In contrast to earlier reports that Hernandez had not left a suicide note, investigators revealed Thursday that they found three notes Hernandez wrote before his death. He laid them next to a Bible in his cell at the Souza-Baranowski Correctional Center in Shirley.

Worcester prosecutors said “there were no signs of a struggle,” and that Hernandez had apparently jammed cardboard into the door track to impede entry.

He had been locked alone in his cell at 8 p.m. Tuesday, and a guard found him hanging at 3 a.m.

Jose Baez, the defense attorney who won Hernandez’s acquittal last week, accused the medical examiner Thursday of not releasing his client’s brain.

Baez, the same attorney who won the acquittal of Casey Anthony on child-murder charges in Florida, said Hernandez’s family plans to have the former tight end’s brain tested at Boston University's Chronic Traumatic Encephalopathy Center.

The center studies a progressive degenerative brain disease found in some athletes who have experienced repetitive brain trauma.

Hernandez’s fiancee, Shayanna Jenkins, began using the Hernandez name in 2015. She was in the courtroom nearly every day for Hernandez’s recent trial, bringing the couple’s daughter, Avielle, along for the fourth day of jury deliberations. 

The family’s complaint lays out 17 items of evidence for the state to preserve, including any writings or recordings Hernandez made in prison, his sheets and clothing, and all of his medical records.

Hernandez’s brain is not mentioned in the complaint, which was filed by New Bedford attorney George Leontire.

Under an obscure Massachusetts abatement law, the family could use Hernandez’s death to have his conviction in the Odin Lloyd case vacated.

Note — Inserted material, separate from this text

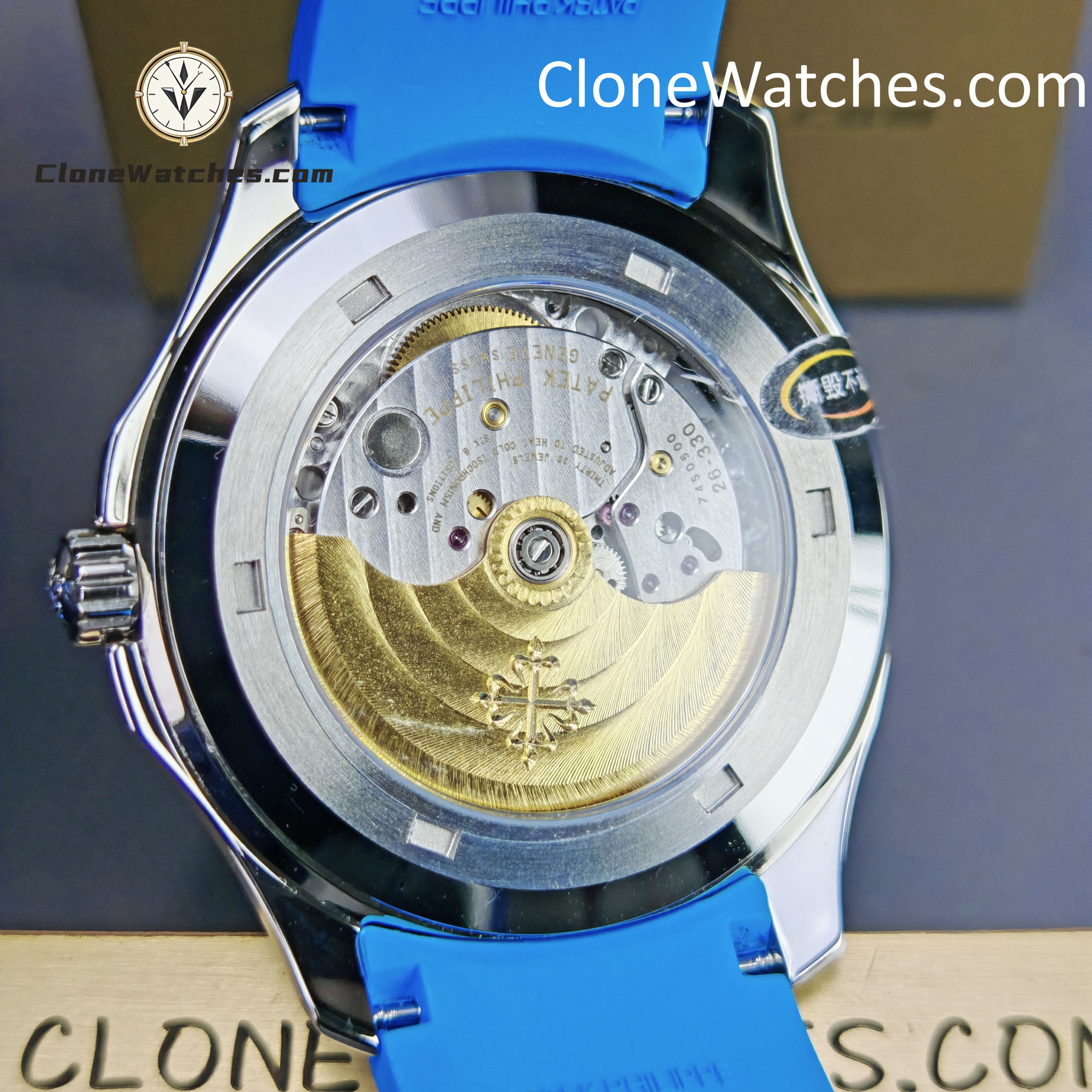 Patek Philippe Super Clone Watches 1:1 Aquanaut 5167 Black Dial Blue Strap 40mm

Because the football player died before exhausting his appeals, the law provides that he could receive a posthumous benefit of the doubt.

Hernandez’s estate still faces a civil suit from relatives of the men whom the athlete was acquitted last week of murdering.

If Hernandez’s record is cleared under abatement, the Patriots may be contractually obligated to pay Hernandez’s estate a $3.5 million bonus that was put on hold after his 2013 arrest.

The Patriots may also owe Hernandez an additional $2.5 million in guaranteed base salary that was also halted after his 2013 arrest, lawyer Michael Coyne told CSNNE.com.